Jessica and Bruce! Congratulations! If you could just email your information to me, I’ll forward it to the Davidson’s Safest Choice peeps.
Thanks to everyone who entered. I loved reading your opinions on fruitcake! Who knows, maybe I’ll try baking one this year for the first time.
Please don’t tell me you’re sick of pumpkin yet. I still consider December to be pumpkin season. People bake pumpkin pies at Christmas, don’t they?
Well, if you’re wanting to bake a pumpkin pie for Christmas, this is the one. It’s Eggnog Pumpkin Pie!
I really loved this pie. I would bake it again and again. The crust is made out of ground gingersnaps and butter. I think the crust could have used some extra sweetness, so I would add a tablespoon or two of sugar next time. (I already edited that into the recipe.)
The filling is made from canned pumpkin, eggnog, eggs, spices, vanilla and brown sugar, and the topping is sweetened whipped cream.

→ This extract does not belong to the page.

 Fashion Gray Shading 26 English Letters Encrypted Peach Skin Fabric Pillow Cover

The eggnog is what makes this pie so good.
Very, very good. I guarantee everyone will love this pie if you bake it.
I have another bit of information for you… Eric is graduating from college today with his bachelor’s degree in geography – Environmental and Natural Resources, with his minor in geology. Let’s all give him a pat on the back for his hard work.
Hooray! Congratulations, Eric! I’m so proud of you!

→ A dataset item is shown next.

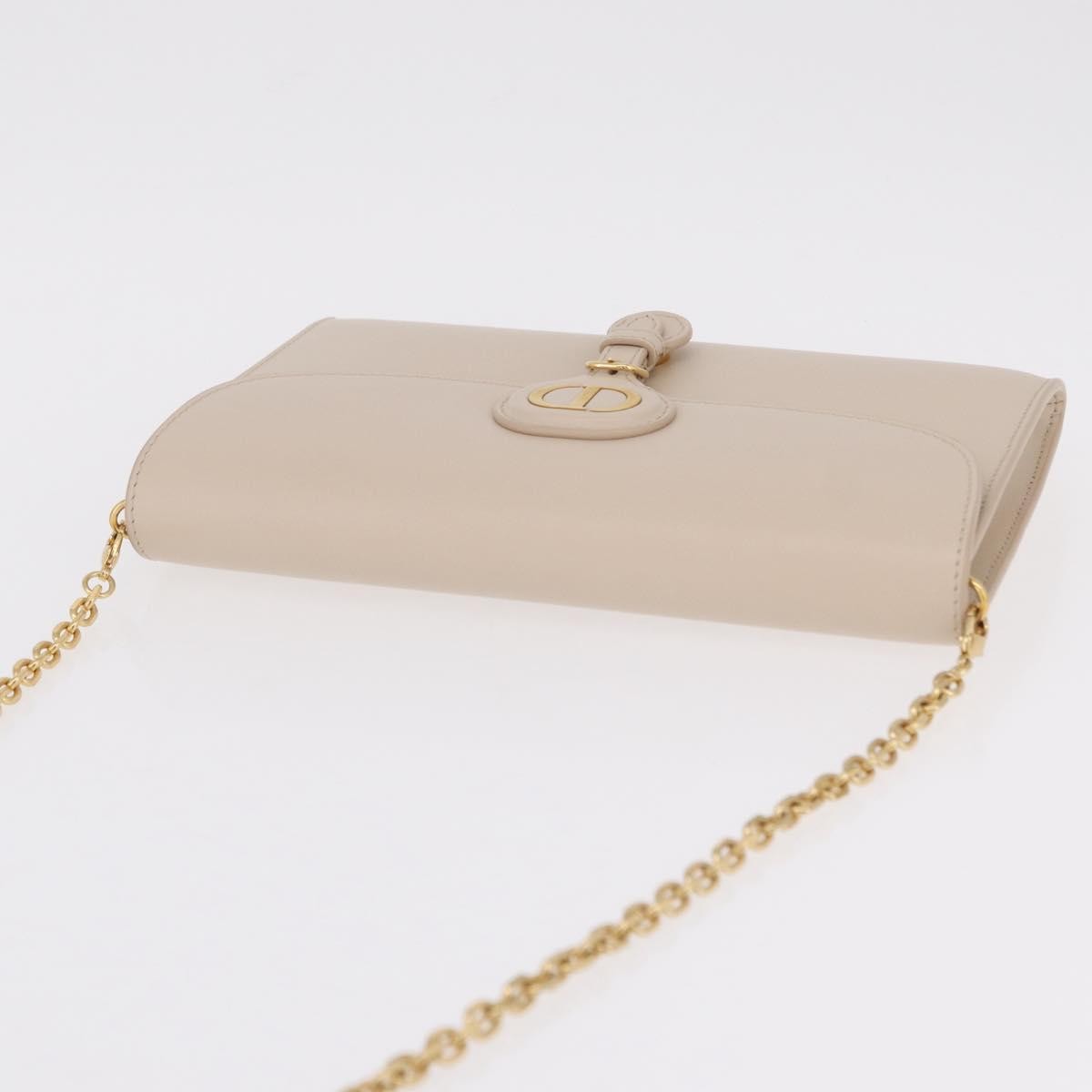 Christian Dior Bobby Flap Leather, Beige, Leather, Shoulder Bag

This is the most recent picture I have of him. He just happens to be wearing a little straw hat.
(My grandma gave my baby niece this sheep wearing a hat. So each of my family members took turns wearing the hat and taking pictures. Heh heh. We’re so mature.)
Eggnog Pumpkin Pie
2 cups ground gingersnaps
8 tablespoons butter, melted, divided use
2 tablespoons granulated sugar
2 Safe Eggs
1 cup eggnog
1 (15 oz) can pumpkin
2/3 cup packed brown sugar
1/4 cup all purpose flour
1 teaspoon vanilla extract
1 teaspoon ground cinnamon
1/2 teaspoon ground ginger
1/4 teaspoon freshly grated nutmeg
1/2 teaspoon salt
Whipped Cream
1 cup heavy whipping cream
2 tablespoons granulated sugar
1/2 teaspoon vanilla extract
Heat oven to 350 degrees F.
In a large bowl, stir together cookie crumbs, 6 tablespoons melted butter, and sugar until combined. Press crumbs into the bottom and up the sides of a 9-inch pie plate. Bake 10 minutes or until golden brown and crisp. Cool 10 minutes.

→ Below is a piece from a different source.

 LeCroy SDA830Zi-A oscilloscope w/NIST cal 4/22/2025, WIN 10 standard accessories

In a large mixing bowl, using a mixer on medium speed, beat together eggs, eggnog, pumpkin and brown sugar until well combined – about 2 minutes. Beat in flour, vanilla, cinnamon, ginger, nutmeg and salt until combined. Pour pumpkin filling into pie crust. Bake 50 minutes, or until a knife inserted into pie comes out clean.
To make the whipped cream, in a large mixing bowl, using a mixer on high speed, beat together cream, granulated sugar and vanilla until stiff peaks form. Spread whipped cream over pie.